◆ **Dataset excerpt**:
★ ★ ★ ★ ★
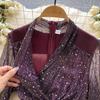 Chic French Style Evening Party Dress for Ladies V Neck Long Sleeves 3D Floral Mesh Sequins Satin Splice Senior Dresses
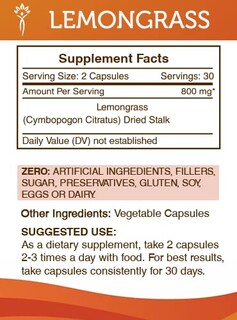 Foto 3 | Foto 3 | Suplemento Secrets Of The Tribe Lemongrass 60 Cápsulas 800 Mg - Venta Internacional.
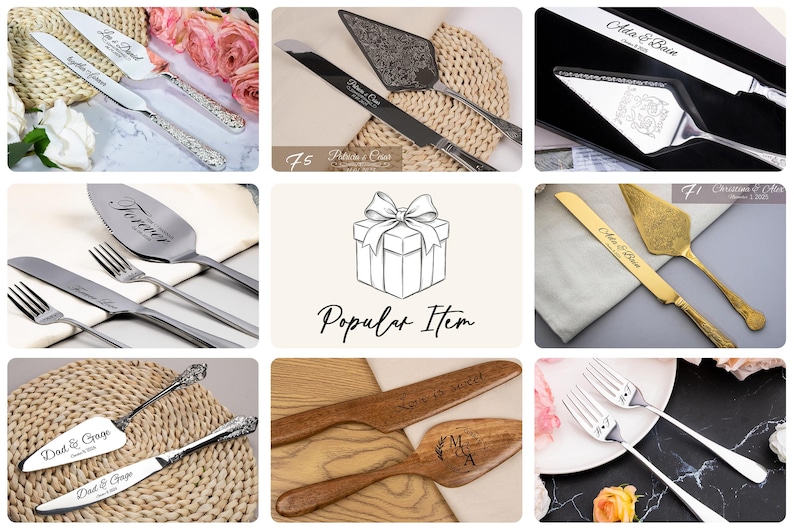 Puede incluir: Una colecci&oacute;n de juegos para servir pasteles de boda que incluye cuchillos y palas de metal plateado con mangos ornamentados, juegos dorados y utensilios de madera. Muchas piezas est&aacute;n grabadas con nombres y fechas como Ada & Bain.
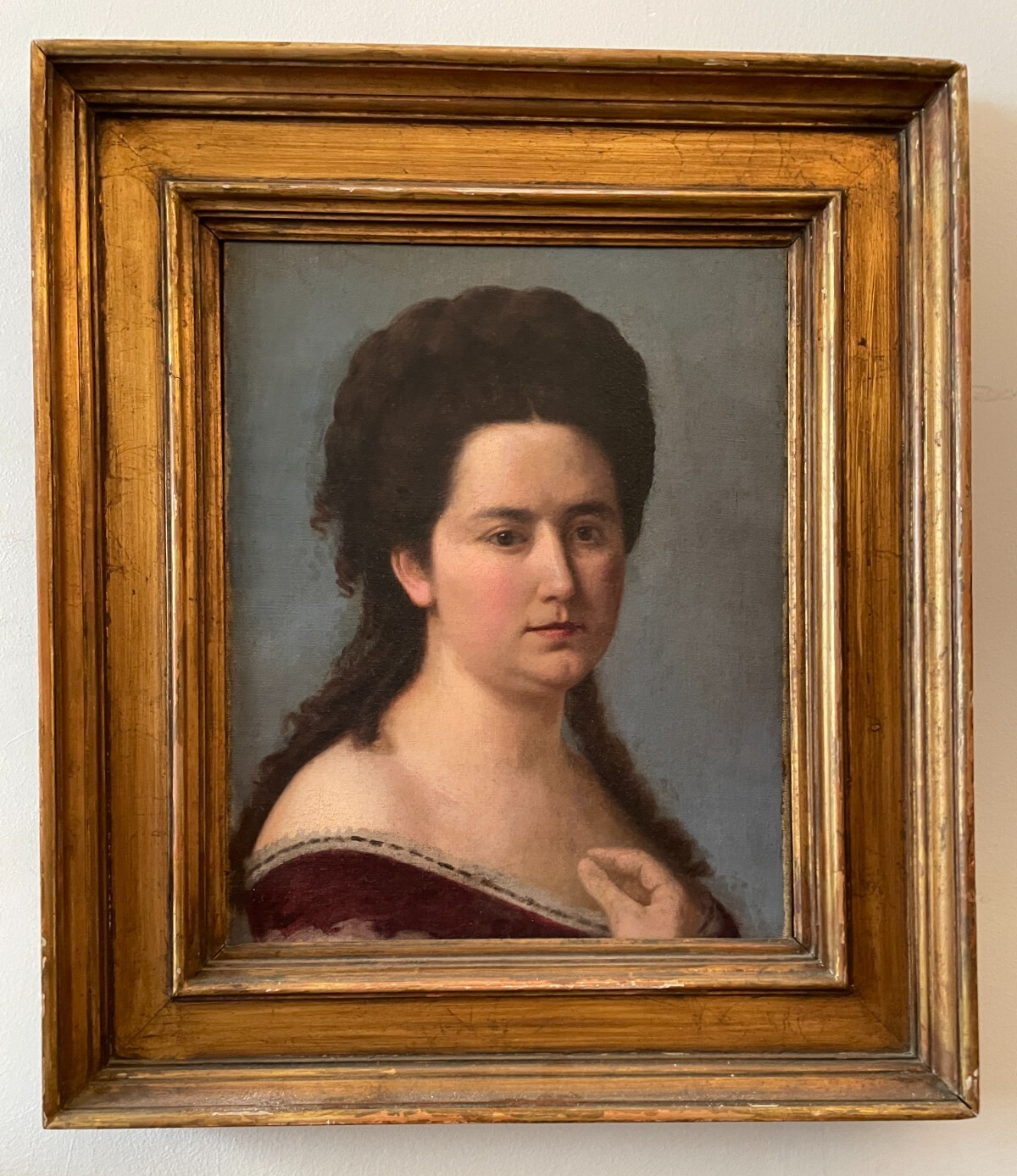 Bernardo Celentano, Antico Ritratto Di Famiglia, Olio Su Tela, Napoli Roma, XIX Secolo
★ ★ ★ ★ ★
◆ **Task to carry out**: Begin with the line that contains "Puede incluir: Una" and repeat every line through the end of the data, exactly and only those lines, leaving out the pictures.

◆ **Your solution**:
 Puede incluir: Una colecci&oacute;n de juegos para servir pasteles de boda que incluye cuchillos y palas de metal plateado con mangos ornamentados, juegos dorados y utensilios de madera. Muchas piezas est&aacute;n grabadas con nombres y fechas como Ada & Bain.
 Bernardo Celentano, Antico Ritratto Di Famiglia, Olio Su Tela, Napoli Roma, XIX Secolo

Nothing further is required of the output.